По крови Евдокия Фёдоровна являлась единственным близким, кроме его сестры Натальи, лицом к императору. Хотя последний до сих пор никогда не знавал своей бабки, но казалось очень вероятным, что родственное чувство заговорит в нём при первом же свидании. Это свидание близилось – император должен был приехать в Москву на коронацию.
– Посмотрите, новые времена настанут, и всё пойдёт иначе, – сказал Пётр Кириллович Черемзину, невольно удивлявшемуся, каким образом этот старик до сих пор сохранил и ум, и энергию, и главное – желание всё ещё идти вперёд.
Они оставались в кабинете часа два – до тех пор, пока лакей, встретивший Черемзина на лестнице, не пришёл и не доложил, что кушать подано.
– Пойдём обедать! – пригласил Трубецкой.
И опять они, по всей анфиладе комнат, пришли в зал и спустились затем в нижний этаж, где помещалась столовая.
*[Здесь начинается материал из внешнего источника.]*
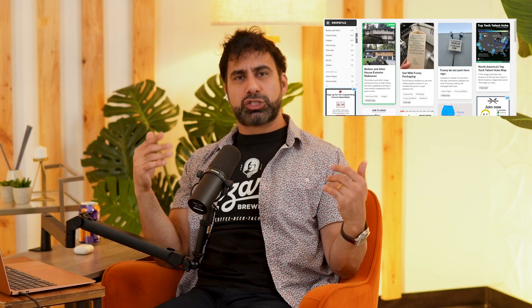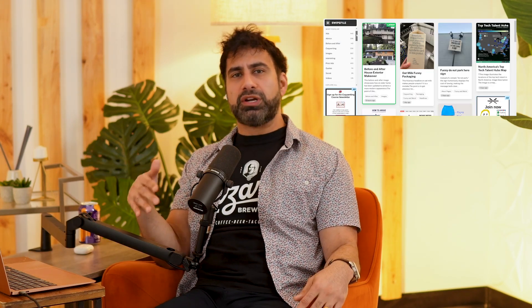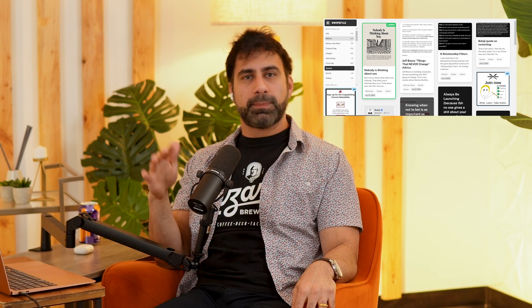I hope you use SwipeFile. Anytime you're stuck on something or need some ideas or inspiration, come to SwipeFile. It's updated daily and you'll see new stuff all the time to give you ideas for your own business.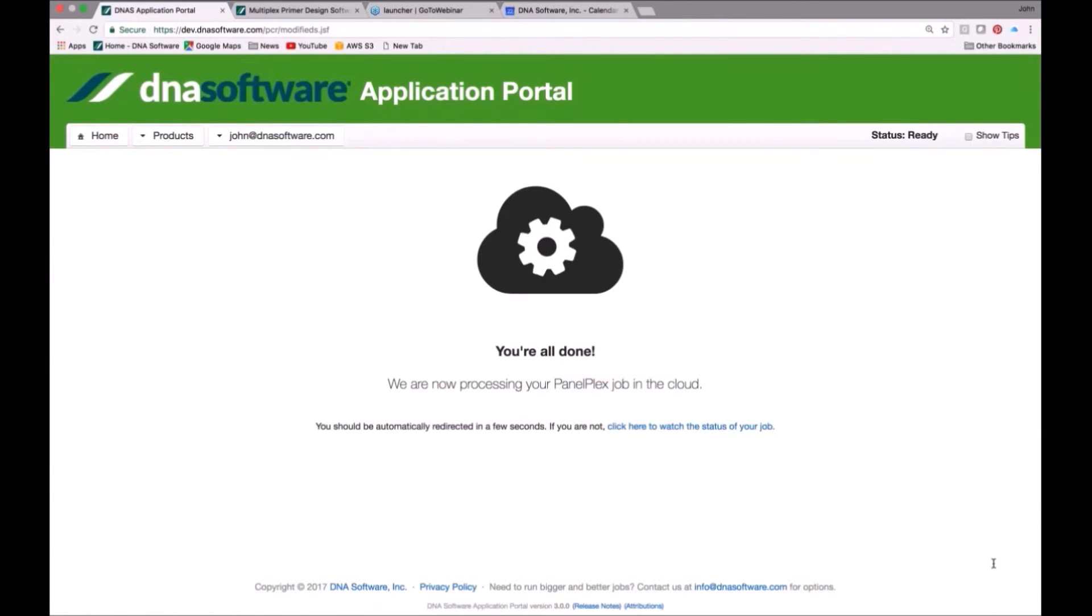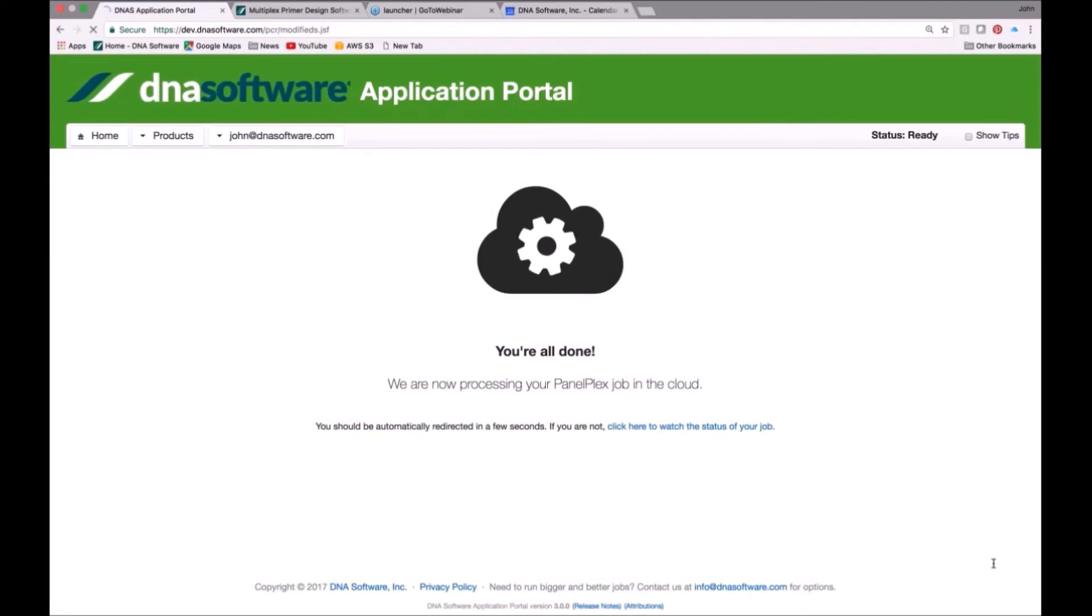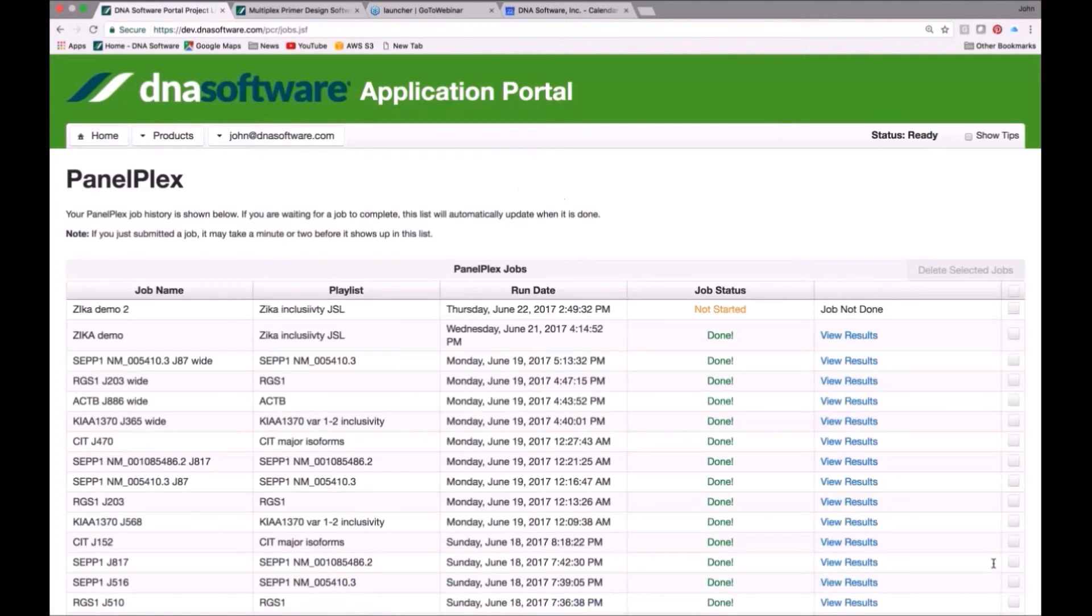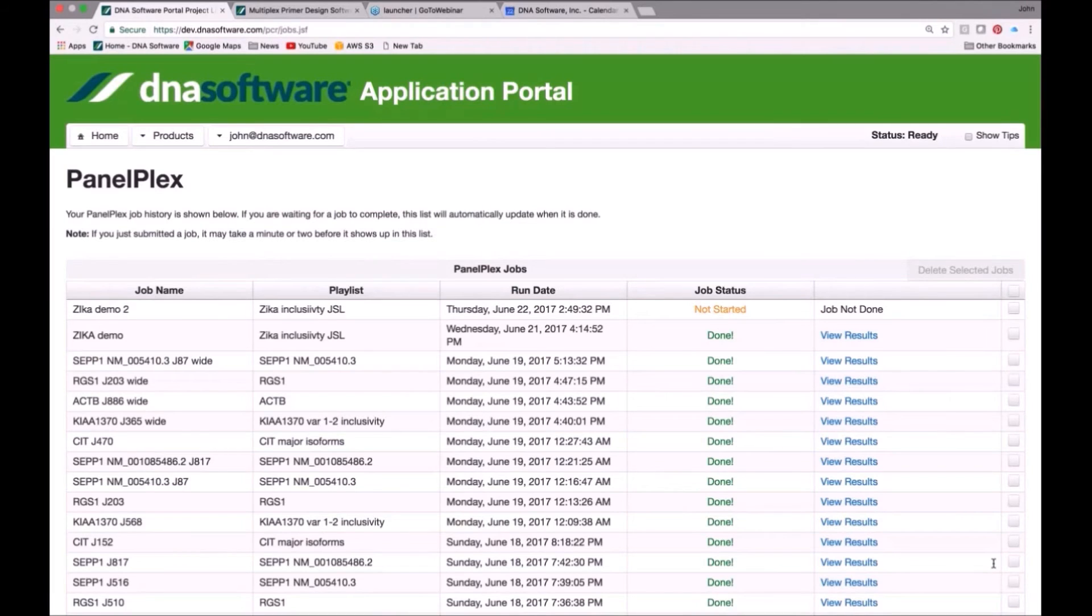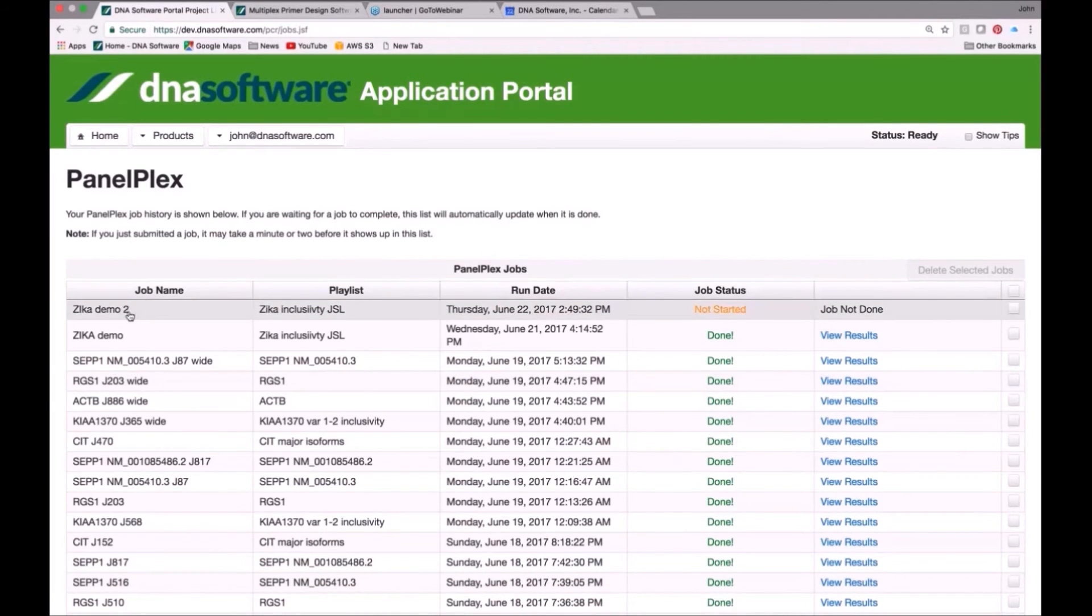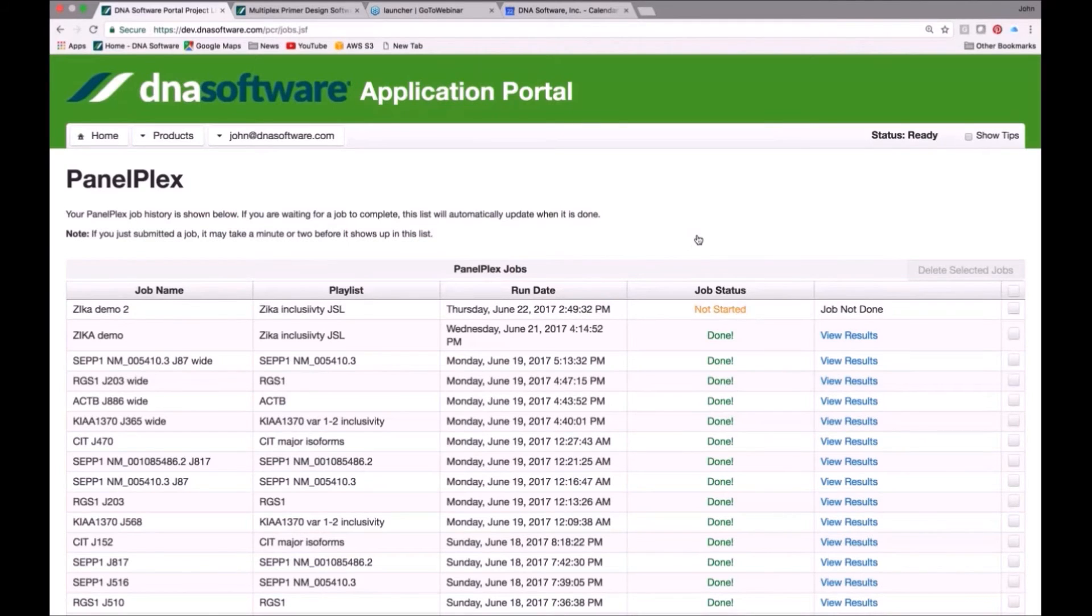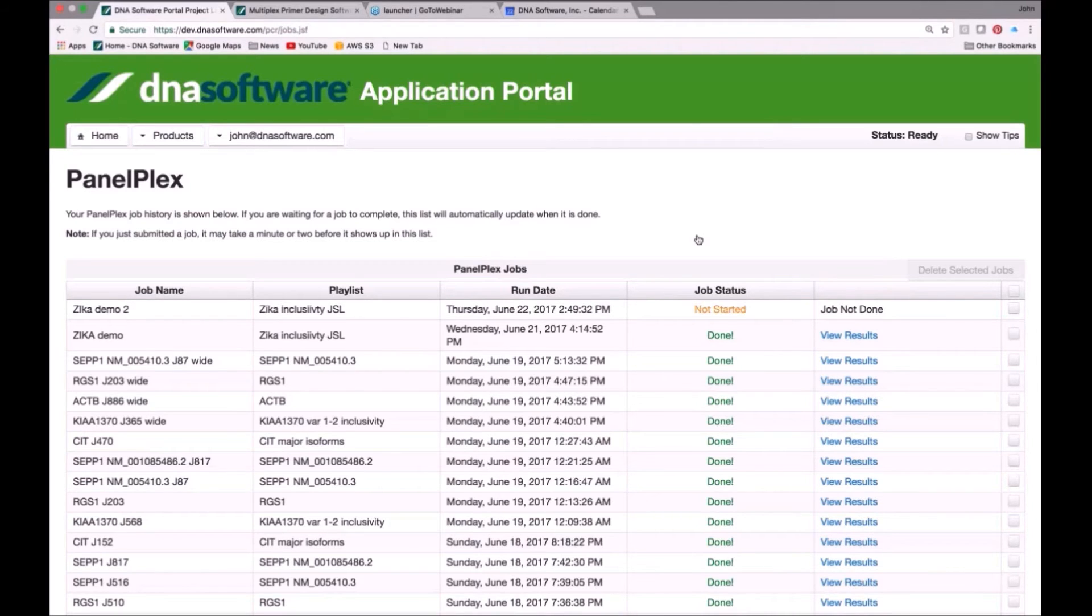At this point, this program is going through millions and millions of computations that are being done on 32 CPUs. You can see the program automatically took us to the results page. And here is the project I just started, Zika Demo 2. It says not started. It takes about 60 seconds or so to spin up a dedicated 32 core instance on the cloud to solving your problem that will crunch away on it until it creates your solution.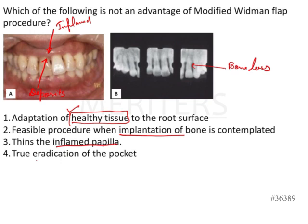Option four — true eradication of the pocket — is completely wrong in the context of the modified Widman flap. The flap is intended only for gaining access, not for elimination or reduction of pockets. Although some shrinkage may occur and some pocket depth reduction may be seen, that is not the purpose of this surgery. Therefore, the statement that is NOT an advantage of the modified Widman flap is option four: true eradication of the pocket.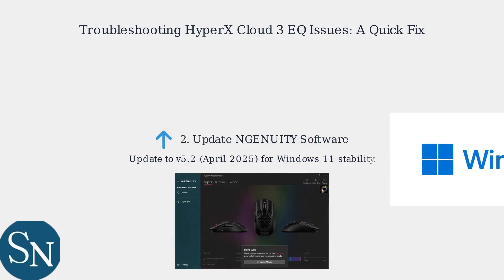Next, update NGENUITY to the latest version via the app's settings. Version 5.2, released in April 2025, improved EQ stability, especially for Windows 11.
Стол был покрыт камчатною скатертью и уставлен золотою и серебряною посудой.
Черемзин, войдя в столовую, невольно остановился. Пред ним у стола стояла молодая хозяйка, дочь Петра Кирилловича. Высокая, стройная, белая и румяная, с правильными, ровными, тёмными бровями и длинною косою с яркою лентою, она стояла, опустив длинные ресницы и сложив красивые, открытые руки. На ней были парчовый русский сарафан с кисейными рукавами и высокая кика.
Она поклонилась Черемзину русским поклоном, и он так же ответил ей.
– Ну, садись, садись! – пригласил его старый князь, как будто не замечая, какое впечатление производит его дочь.
Начали подавать кушанья. Пётр Кириллович ел очень много, в особенности зелёной каши, которую отдельно подали ему и которую он, видимо, очень любил.
Долгое время за столом царило молчание, которого как бы умышленно не прерывал Пётр Кириллович. Черемзин считал невежливым заговорить раньше его.
Лакеи, бесшумно ступая своими мягкими башмаками, служили, точно безмолвные куклы.
За обедом, кроме Черемзина, других гостей не было. Пётр Кириллович вчера ещё вечером подходил к окну со своей обычной фразой, и гости вчера же уехали. Он был не в духе, но приезд Черемзина рассеял его.
– Ты не смотри, – вдруг заговорил он, отодвигая тарелку с кашею, – что она, – он кивнул на дочь, – в сарафане у меня… Ты скажи, разве наш наряд женский хуже этих роб разных неуклюжих и стеснительных? Лучше ведь и красивей… а?.. Лучше, спрашиваю я тебя? – повторил он.
– Лучше, – едва слышно повторил Черемзин, чувствуя, что краснеет.
– Ну, вот то-то!.. В сарафане у меня – красавица, а попробуй её нарядить в заграничную робу?.. А ты говоришь, – вдруг обернулся Пётр Кириллович к Черемзину, который ничего ещё не говорил, – зачем я не ношу русского кафтана иль о п а ш е н ь, как он там называется…
– Опашень… – начал было Черемзин.
Но Трубецкой перебил его:
– Так потому, что так, – он схватился за борт мундира рукою, – удобнее, понимаешь – удобнее… и тоже лучше… Матрёшку сюда и Иваныча! – приказал он.
Черемзин не мог не заметить, что Пётр Кириллович был здесь, в столовой, на людях, так сказать, совсем другим человеком.
В дверях появилась дура с размалёванными щеками, в шёлковой робе и буклями из пакли и огромным веером в руках, и высочайшего роста человек в русском одеянии, с длинною бородой и в высокой шапке, отчего рост его казался ещё больше.
– Вельможному боярину и всем гостям честным челом бьёт Иваныч-свет! – тонким тенором проговорил великан, снимая шапку и низко кланяясь.
– Бонжур, гуты-морды! – пропищала дура, кривляясь и приседая.
– Хороши? – спросил Трубецкой у Черемзина.